>>>>

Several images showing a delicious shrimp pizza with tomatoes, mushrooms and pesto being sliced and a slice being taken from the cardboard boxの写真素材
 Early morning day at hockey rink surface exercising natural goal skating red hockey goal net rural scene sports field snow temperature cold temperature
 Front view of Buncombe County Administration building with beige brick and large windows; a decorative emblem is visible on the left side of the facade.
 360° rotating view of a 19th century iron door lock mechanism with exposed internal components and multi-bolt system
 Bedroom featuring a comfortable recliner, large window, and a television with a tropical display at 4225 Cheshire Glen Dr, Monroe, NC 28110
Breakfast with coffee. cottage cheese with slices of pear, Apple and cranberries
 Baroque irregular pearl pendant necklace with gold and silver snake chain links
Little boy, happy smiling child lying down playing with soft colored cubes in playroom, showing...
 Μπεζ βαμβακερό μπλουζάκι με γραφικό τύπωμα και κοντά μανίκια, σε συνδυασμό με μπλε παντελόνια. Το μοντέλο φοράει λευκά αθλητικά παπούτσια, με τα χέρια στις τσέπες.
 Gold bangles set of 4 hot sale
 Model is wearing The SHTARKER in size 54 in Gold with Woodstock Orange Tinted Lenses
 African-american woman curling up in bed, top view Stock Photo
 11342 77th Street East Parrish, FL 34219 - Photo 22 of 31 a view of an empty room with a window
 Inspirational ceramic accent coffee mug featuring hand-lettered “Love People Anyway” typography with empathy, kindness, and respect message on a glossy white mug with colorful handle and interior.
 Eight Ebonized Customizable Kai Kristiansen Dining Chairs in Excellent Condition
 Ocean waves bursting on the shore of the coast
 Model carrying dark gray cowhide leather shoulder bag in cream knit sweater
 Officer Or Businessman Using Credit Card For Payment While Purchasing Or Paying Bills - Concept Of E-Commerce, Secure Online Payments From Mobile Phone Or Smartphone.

<<<<

Exercise aim :: Lines from the records above that hold "Model" are the ones to list.

Result for this exercise ::
 Model is wearing The SHTARKER in size 54 in Gold with Woodstock Orange Tinted Lenses
 Model carrying dark gray cowhide leather shoulder bag in cream knit sweater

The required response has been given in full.